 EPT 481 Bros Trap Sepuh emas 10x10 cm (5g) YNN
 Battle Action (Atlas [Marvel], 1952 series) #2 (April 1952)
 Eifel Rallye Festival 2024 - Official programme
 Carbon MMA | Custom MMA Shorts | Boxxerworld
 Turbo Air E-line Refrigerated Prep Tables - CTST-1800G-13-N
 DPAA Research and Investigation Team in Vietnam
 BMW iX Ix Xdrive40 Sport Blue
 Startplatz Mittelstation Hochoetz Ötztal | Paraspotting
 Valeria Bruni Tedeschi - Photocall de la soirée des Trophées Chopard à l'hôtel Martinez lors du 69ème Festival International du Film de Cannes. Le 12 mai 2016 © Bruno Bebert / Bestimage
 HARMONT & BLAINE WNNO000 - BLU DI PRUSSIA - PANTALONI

***

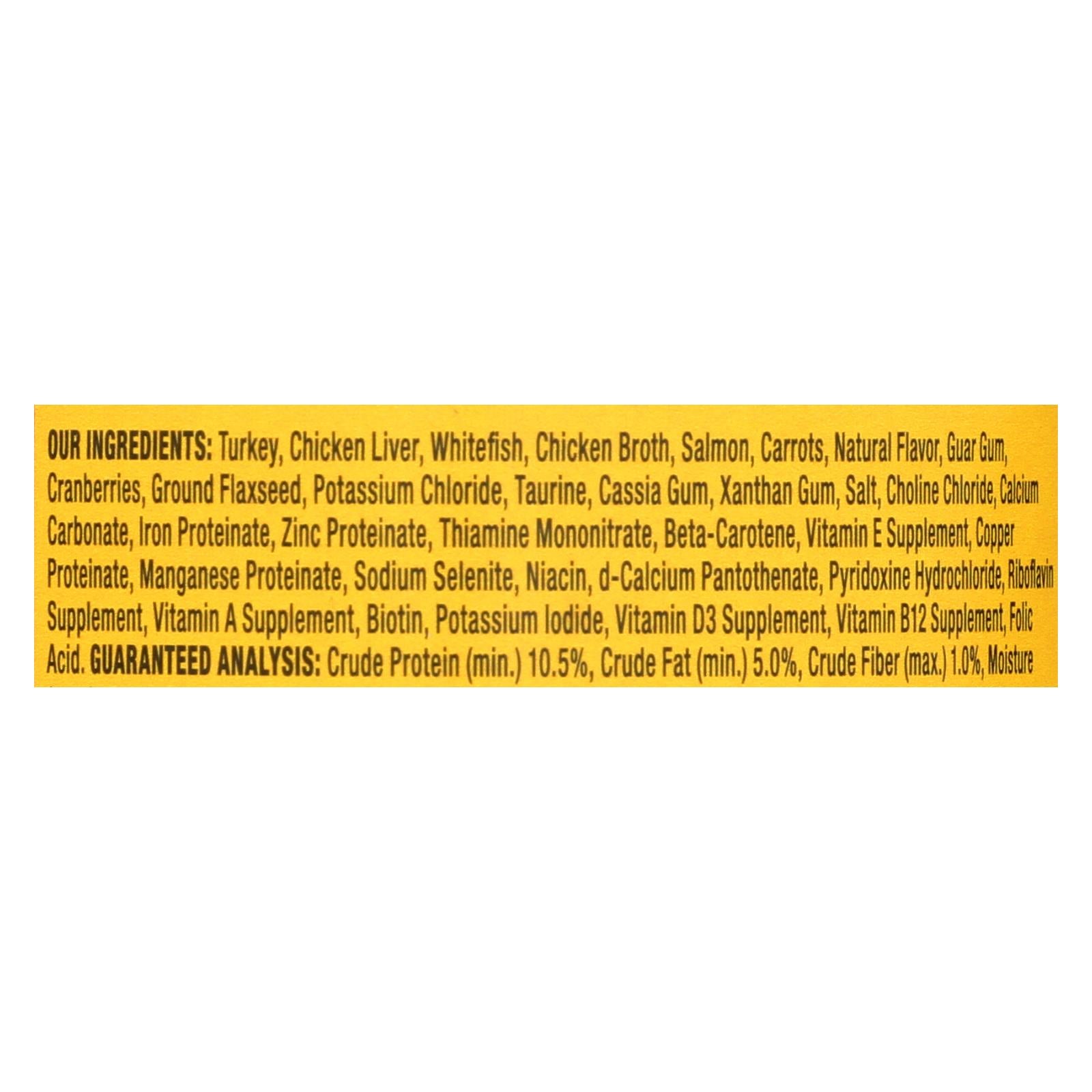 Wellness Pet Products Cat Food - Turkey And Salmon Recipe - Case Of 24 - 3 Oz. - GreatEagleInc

***

§ WHAT IS EXPECTED
In the data above, retype exactly and only the lines between the one holding "Battle Action (Atlas" and the one holding "HARMONT & BLAINE", inclusive.

§ WRITTEN RESPONSE
 Battle Action (Atlas [Marvel], 1952 series) #2 (April 1952)
 Eifel Rallye Festival 2024 - Official programme
 Carbon MMA | Custom MMA Shorts | Boxxerworld
 Turbo Air E-line Refrigerated Prep Tables - CTST-1800G-13-N
 DPAA Research and Investigation Team in Vietnam
 BMW iX Ix Xdrive40 Sport Blue
 Startplatz Mittelstation Hochoetz Ötztal | Paraspotting
 Valeria Bruni Tedeschi - Photocall de la soirée des Trophées Chopard à l'hôtel Martinez lors du 69ème Festival International du Film de Cannes. Le 12 mai 2016 © Bruno Bebert / Bestimage
 HARMONT & BLAINE WNNO000 - BLU DI PRUSSIA - PANTALONI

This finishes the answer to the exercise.